Data under study
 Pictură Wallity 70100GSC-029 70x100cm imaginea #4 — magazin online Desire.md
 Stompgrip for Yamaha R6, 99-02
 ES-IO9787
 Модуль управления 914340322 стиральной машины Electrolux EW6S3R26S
...
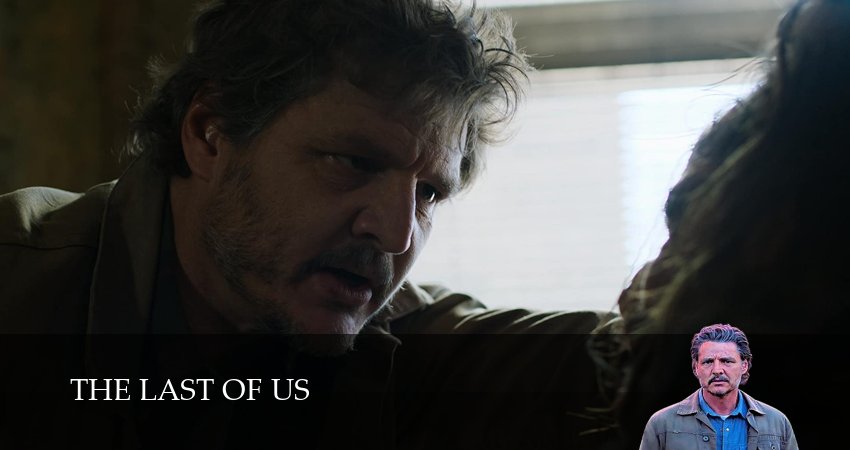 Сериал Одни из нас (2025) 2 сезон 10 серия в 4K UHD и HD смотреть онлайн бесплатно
==
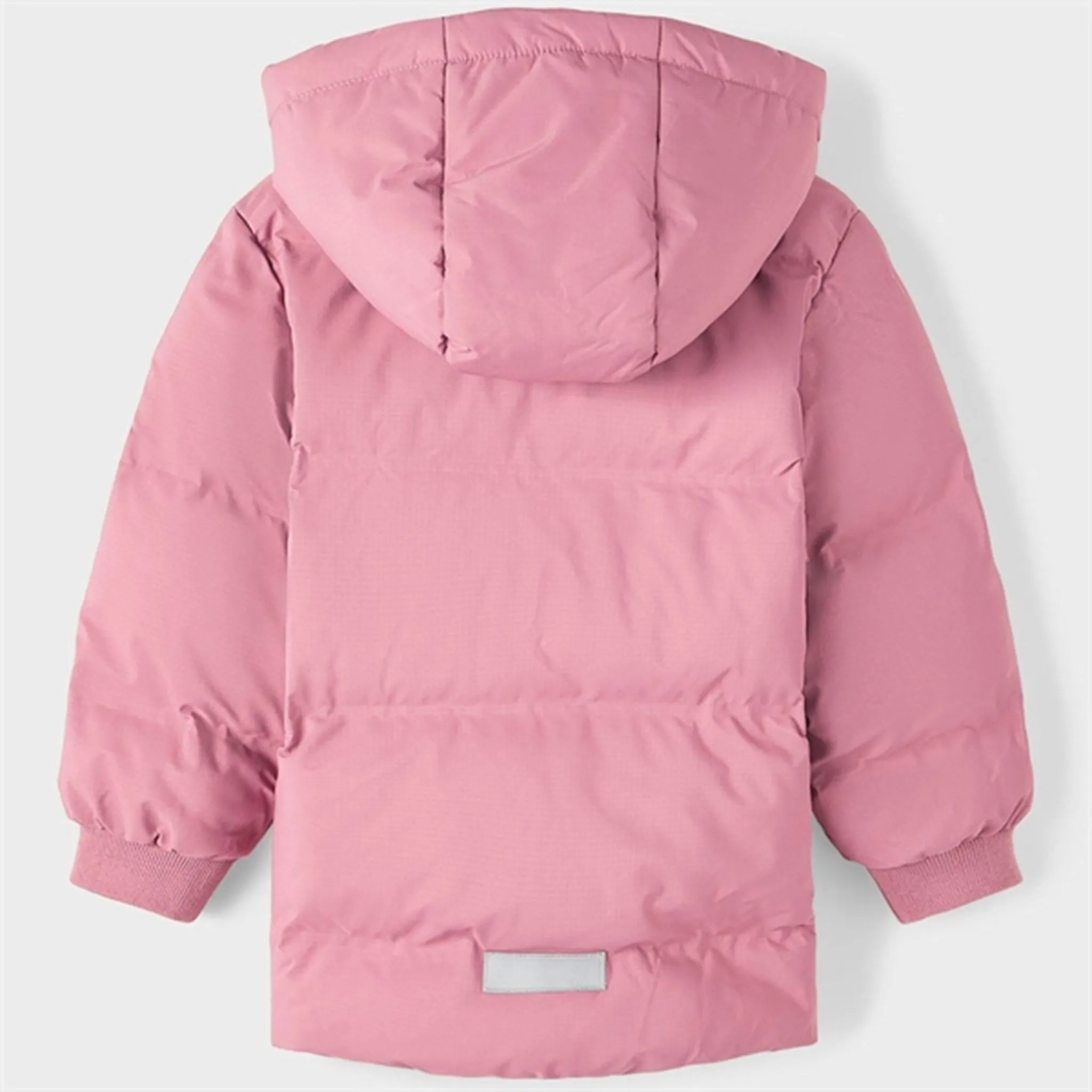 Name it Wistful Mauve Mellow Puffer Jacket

Problem requirements
Repeat the entries above verbatim, but only from the line that has "Stompgrip for Yamaha R6, 99-02" down to the line that has "Модуль управления 914340322", inclusive.

Response area
 Stompgrip for Yamaha R6, 99-02
 ES-IO9787
 Модуль управления 914340322 стиральной машины Electrolux EW6S3R26S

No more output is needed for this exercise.